The faculty of Westminster Seminary California recently held a conference to help folks sort out these questions. 

The video is free and online here:

Christ, Kingdom & Culture | WSC Conference 2010

The audio is available inexpensively from The Bookstore at WSC:

The Bookstore at WSC: Christ, Kingdom and Culture by WSC Faculty

Here are more resources:

Two kingdoms


----------



## Christusregnat (Mar 13, 2010)

Yes, Dr. Clark, but we're recovering the Reformed Confession on civil government, praise be to God!

;-)


----------



## Casey (Mar 13, 2010)

R. Scott Clark said:


> Beware of the thecrats here and elsewhere who speak as if anyone who says that the civil magistrate should not enforce the first table or who denies that there should be a state church is a "radical."


I don't recall anyone using the word "radical" in this sense.


jetbrane said:


> The “radical” in Radical two Kingdom theology is found in the reality that the R2Kt folks deny that the church has any role in advising the state, or that the state has any role in protecting the church.


In this debate, I've only heard it used this way. The problem with R2K is that the Church's proclamation of Scripture is muzzled in the public/civil realm. That's why it's "radical" and that's why it's wrong. It's hard for me to conceive of an R2K Christian ever becoming a martyr; John the Baptist may not have lost his head if he held to that theology.


----------



## lynnie (Mar 13, 2010)

Christusregnat said:


> Yes, Dr. Clark, but we're recovering the Reformed Confession on civil government, praise be to God!
> 
> ;-)





This whole thing is mentally intriguing but also to some degree humorous. We have the original WCF and Belgic , and then we have a revised WCF and Belgic. And then we have people here who go back to the original, and Mr Recovering the Reformed Confessions himself gets on to hold to the revised version.

Machen's warrior children indeed.

So anyway, what I am still trying to understand without reading all the zillions of links is what the practical examples are. What about a guy who uses his pulpit to denounce our favored nation status with China when they are tossing Christians in jail? What about an ordained elder who promotes alternative energy movements to get off dependency on Christ hating Islamic nation's oil? What about a minister like Chuck Baldwin who is screaming and hollering about the unconstitutional and unethical bailout that puts biilions into Goldman Sachs while destroying the pensions of the little guys? 

So it is OK to be a John the Baptist unless you are an ordained elder? Or you can be an elder and be John the Baptist as long as it never happens during the preaching? I am OK with that by the way for the most part, but what if you preach through Amos? Don't get me wrong, I want preaching that focuses on God, not politics, but they can overlap.

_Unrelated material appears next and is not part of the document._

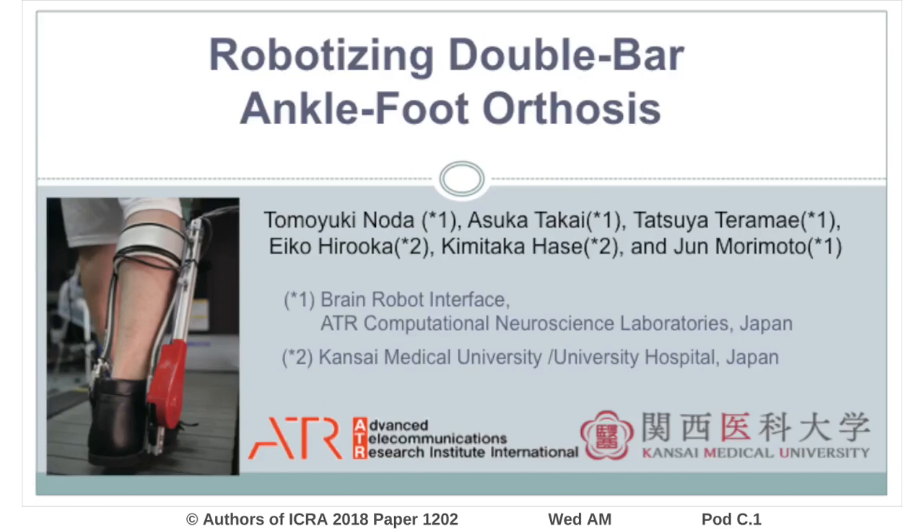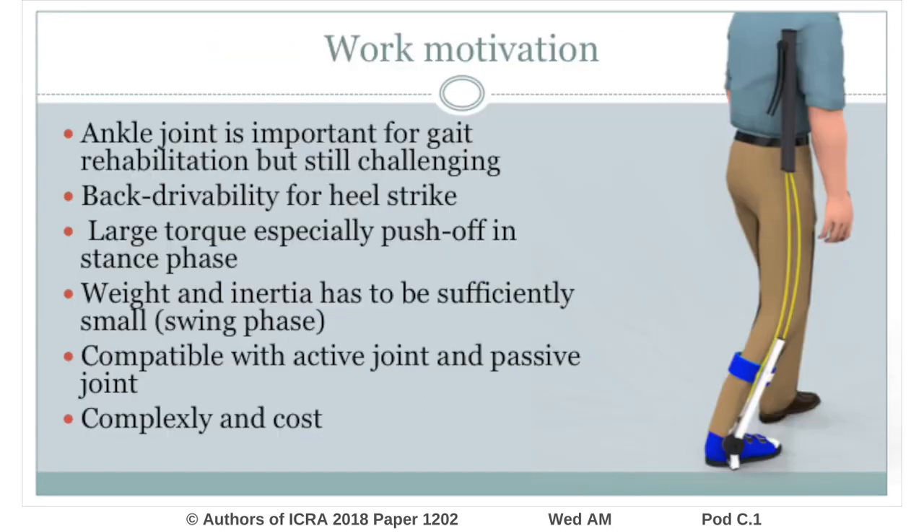This video shows the development of an ankle exoskeleton by robotizing a double-bar ankle-foot orthosis to contribute to exoskeleton robotics. This exoskeleton device was developed at ATR Japan in collaboration with Kansai Medical University Hospital, toward rehabilitation therapy for post-stroke patients.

I'd love to hear a few practical examples of what Rk2 and regular old K2 would look like in today's world. I'd like to know what is off limits in an Rk2 sermon.

Wilberforce did what he did as a citizen, not the church, right? But didn't he appeal to God's word all those long years? So is that OK with Rk2? or not?


----------



## Casey (Mar 13, 2010)

Lynnie, I think your post draws attention to some of the problems stemming from the R2K's dualistic nature. If the state does something morally wrong, then Christians ought to think in the category of biblical ethics and critique public policy using Scripture. Christians will not do that if the Church doesn't teach them how to think biblically -- all actions are moral actions, even when done by an institution. Pastors ought to feel free to touch on public policy when it is appropriate to what is happening to the congregation's membership or, of course, if it rises from the text. A book that helped me start thinking more biblically on these issues was _Idols for Destruction_, by Herbert Schlossberg -- highly recommended. The Church and individual Christians ought to point to the testimony of Scripture in all these issues, yes, even in the public sphere. Scripture is the lamp, the light, the clear truth, in a way general revelation is not.


----------



## Marvin Torgeson (Mar 13, 2010)

I cannot conceive of a Christianity that is content with the gentile world it dwells in. The gospel goes out because the Spirit of God is ever seeking to expand the Kingdom of God. Jesus came to save sinners; its my opinion there are plenty of sinners that God will save and to get that done a breakthrough into their own little world is necessary. Im left with a strange wonder about any kind of acquiescence to our own culture; as long as its left to its own goals, Christianity wont be 'comfortably raising our children in homes where we can enjoy the blessings of God with our heathen neighbors', no, we will be cultural exiles, enemies of the state and imprisoned for our KoG citizenship. I dont think John Knox shared this kind of thinking, Ive not read anything from Calvin that lead me to believe that culture is meant to be singularly dictated to us by the atheistical rich. 
As long as the ungodly rule, the Church must suffer. Now, that might very well be the condition which God has so determined to leave the Church in. But everything within the Christian and within the scripture points God's people to relief of suffering, living openly the glorious truths of the gospel and fashioning communities based upon godly principles instead of darkened and ignorant pagan philosophy. 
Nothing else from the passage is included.